10月4日標高300メートルのハリドワールから一気に標高3049メートルのガンゴトリー(Gangotri)迄8人は2台の車に分乗して12時間のドライブした。険しい山道を一日中車に揺られているのもとっても疲れた。周りの景色を眺めながら歩いたほうがよほどましだと思った。ガンジス川流を右に見たり左に見ながら四輪駆動車は力強く悪路を駆け上がる様に走って行った。

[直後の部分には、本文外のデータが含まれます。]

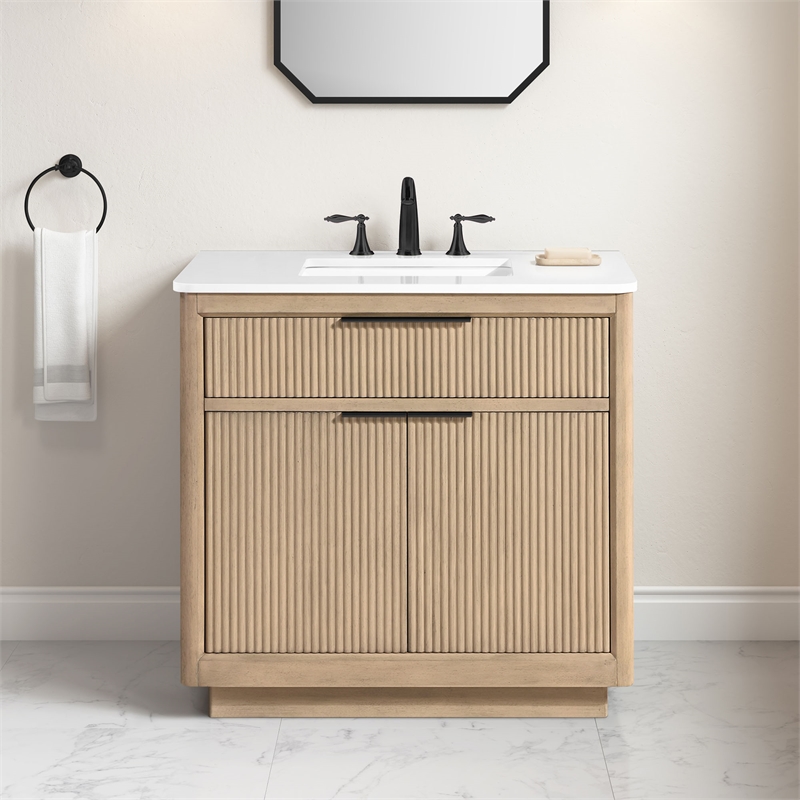 Xander 36 in. Sahara Birch Bathroom Vanity with White Engineered Stone Top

インド北部は米作地帯が多く、刈り入れが終わると木の枝分かれした又の部分に藁を天火で乾燥するため引っ掛けて積み重ね、遠くから見るとまるで大小さまざまな樹に鳥が巨大な巣を作っている様に見えた。道路から眺めるとその田畑は河川敷きまで広がった所も多く、少しの敷地でも無駄にせず活用しており、耕す、運ぶ、客乗せ等、牛馬は何処に行っても重要な働き手であった。車に閉じ込められた長い道中はトイレ、ランチタイム以外腰を伸ばす時間もままならなかった。

途中温泉があり太い3本のパイプから生ぬるい20度くらいのお湯が吹き出ていた。そこにはヒンズー教のお寺があり、長旅の疲れを癒す温泉シャワーかもしれない。トイレ休憩の為一時停車したものの、どのトイレも汚くとても用足しが出来る状態ではなかった。男性ならその辺の草むらに行けるが女性は大変だな〜と気の毒に思った。途中いくつもの町を通過したがUTTARKASH(標高1200メートル)は大きな街でありその喧騒ぶりは何処の町も変わりは無かった。

インドは国が大きいだけに北と南では食べ物、着る物、生活習慣は多少違うが家畜は道路を使う主役である事は何ともいらだたしくなる事しばしばだ。集団移動している時等、急いだ車がいようがおいそれと端っこに寄ってくれず飼い主が棒で一生懸命鞭打つが何知らん顔して真ん中を占領する事をよく見る。牛の顔を見ているといかにも落ち着いて後ろがどんなに騒いでいようが、わが道を行く、といって相好崩さず、「数で渡れば怖くは無い」と何時どきでも殿様表情だ。

12時間も北インドの豊かな自然と実りの秋を満喫しながらベースキャンプのガンゴトリーに着いたが長時間の車中はきつかった。度々腰を伸ばす事が出来ない事が歩くよりきつかった。この町も北インドの神聖なるヒンズー教の町できっと霊山ヒマラヤ信仰者の宿場町として栄えてきたのだろう。明日からトレッキングが始まるので、観光客用の細い歩道の両脇にぎっしり立ち並んだ土産店で、毛糸の手袋と目と口だけ開いた帽子を買った。色んな小枝で作った杖も売っていた。

夕刻の3000メートルの高地は肌寒く投宿するなりセーターなど着こんだ。たった一日で暑い所から寒いところに移動すると体を調整するだけでも大変だった。朝からガンガの流れと平行して上がってきた。日が傾きかけた川面はピンク色に染まり帯の様に細く曲がりくねって山裾に消えていった。ここでも頻繁に起きる停電の中、何枚も着込んで明日からのトレッキングに備え、早めに毛布の中にもぐりこんだ。近くの谷川で巨大な石灰岩の間を通り抜けた豊富な水量が滝つぼに噴出落下し轟音を響かせながら一晩中暗闇の中にうなっていた。